A: hand, foot, mouth disease & herpangina
B: pericarditits/myocarditis & pleurodynia
A & B: aseptic meningitis, rashes, common cold sx
Dx? mild fever, URI sx, dec appetite, vesicular lesions with erythematous halos in oral cavity (esp buccal mucosa and tongue), exanthem 1-2 days later of vesicular, macular, or maculopapular lesions on distal extremitis (often includes palms and soles); tx?
dx: hand, foot, mouth disease (caused by coxsackie A)
tx: supportive (antipyretics, topical lidocaine)
Dx? sudden onset of high fevers, stomatitis (small vesicles on soft palate, uvula & tonsillar pillars that ulcerate before healing), sore throat, lasting 3-5 days; tx?
dx: herpangina (caused by coxsackie A)
tx: supportive (antipyretics, topical lidocaine)
viral pericarditis/myocarditis in infants and children are most commonly caused by
coxsackie B
Dx? fever, severe pleuritic chest pain, paroxysmal spasms of chest/abdominal muscles including diaphragm, and HA; tx?
dx: pleurodynia (caused by coxsackie B)
tx: supportive (anti-pyretics, anti-inflammatories)
Dx? coryza, fever, rash on face/cheeks that appears like slapped cheeks with circumoral pallor 2-4 days, lacy reticular rash on extremities (esp UE) sparing palms/soles that resolves in 2-3 wks, arthralgias, associated fetal loss in pregnancy; tx?

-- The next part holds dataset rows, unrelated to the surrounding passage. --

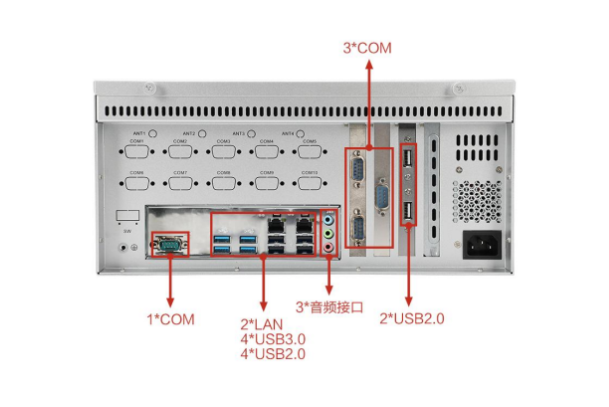 東田國產化飛騰D3000工業電腦端口.png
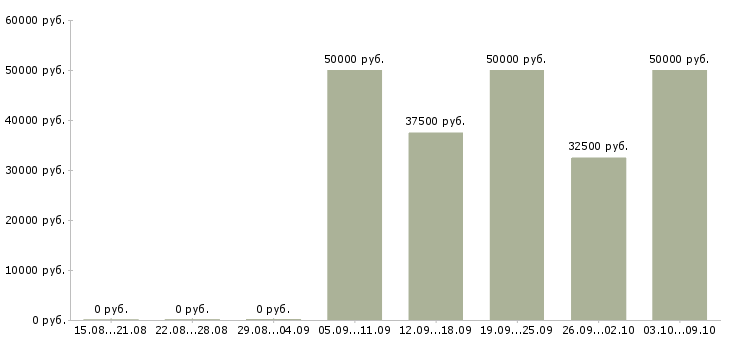 Вакансии дорожные рабочие в Иркутске - Медиана зарплат дорожные рабочие в Иркутске за 2 месяца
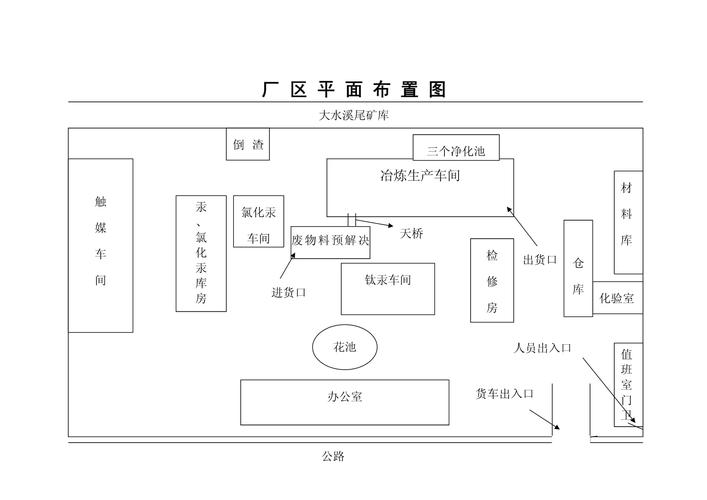 中小厂做工厂布局，记住这几个实用原则就够
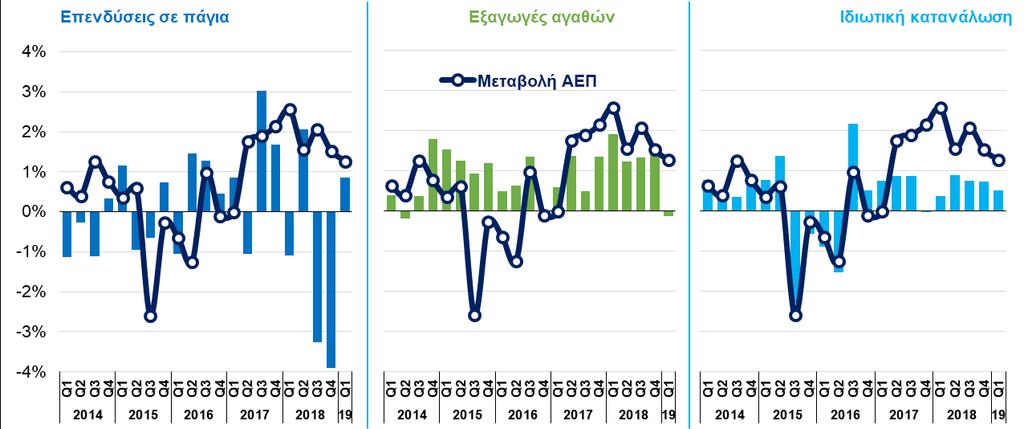 TEYXΟΣ 46 12 Ιουνίου 2019 ΠΕΡΙΕΧΟΜΕΝΑ Συμβολή επενδύσεων, εξαγωγών αγαθών και ιδιωτικής κατανάλωσης στη μεταβολή του ΑΕΠ (ΕΛΣΤΑΤ, Εθνικοί Λογαριασμοί, Q1 2019) Βασικοί δείκτες 9 Οικονομικό κλίμα 10
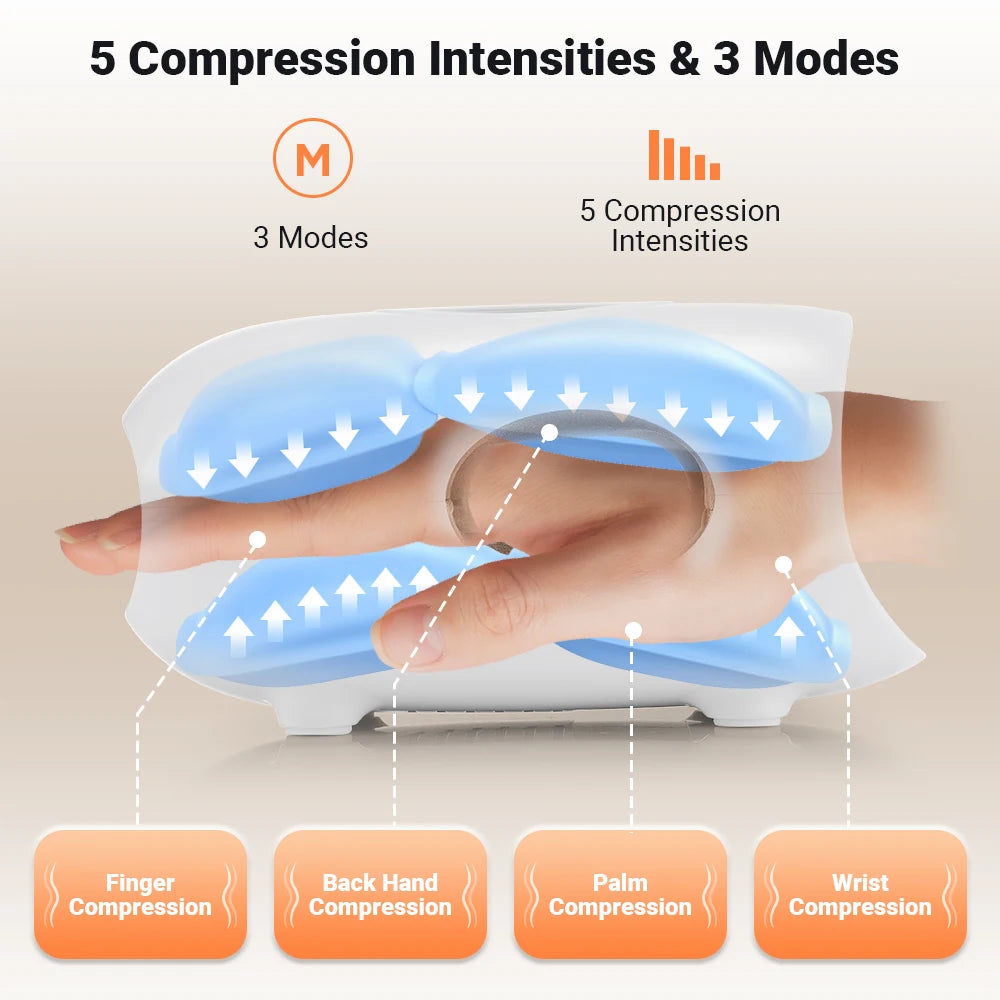 Electric Hand Massager with Air Compression Heat Cordless Palm Finger Massage Machine for Arthritis Finger Numbness Pain Relieve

dx: erythema infectiosum (fifth disease/slapped cheek syndrome) caused by parvovirus B19 - do serologies to confirm dx
tx: supportive, anti-inflammatories, anti-pyretics
in pts w/ sickle cell dz or G6PD deficiency, infection w/ parvovirus B19 may precipitate
aplastic crisis
Dx/cause? low grade fever, myalgias, HA, parotid gland pain/swelling; tx? what lab work supports dx? prevention?
dx: mumps (paramyxovirus)
tx: supportive, anti-inflammatories
labs: serologies, inc amylase
prevention: MMR vaccine at 12-15 mos and again at 4-6 y/o
what are some complications of mumps that can appear?
MC in older pts:
orchitis in males (unilateral), oophoritis, encephalitis, aseptic meningitis, MC cause of acute pancreatitis in children, deafness, arthritis, infertility
Dx? high fever, cough, coryza, conjunctivitis (3 Cs), koplik spots (small red spots in buccal mucosa w/ pale blue/white center, followed 1-2 days later by maculopapular/morbiliform brick-red rash on face beginning at hairline then moving to extremities lasting ~7 days coalescing and darkening then fading from top to bottom; tx?
dx: rubeola (measles) caused by paramyxovirus (same as mumps)
tx: supportive, anti-inflammatories, vitamin A (reduces mortality)
complications: diarrhea, otitis media, PNA, conjunctivitis, encephalitis
Dx? low grade fever, cough, anorexia, LAD (posterior cervical, posterior auricular), pink/lt red spotted maculopapular rash on face then to extremities that lasts 3 days, small red macules or petechiae on soft palate (Forchheimer spots), in young women +/- transient photosensitivity & joint pains; tx?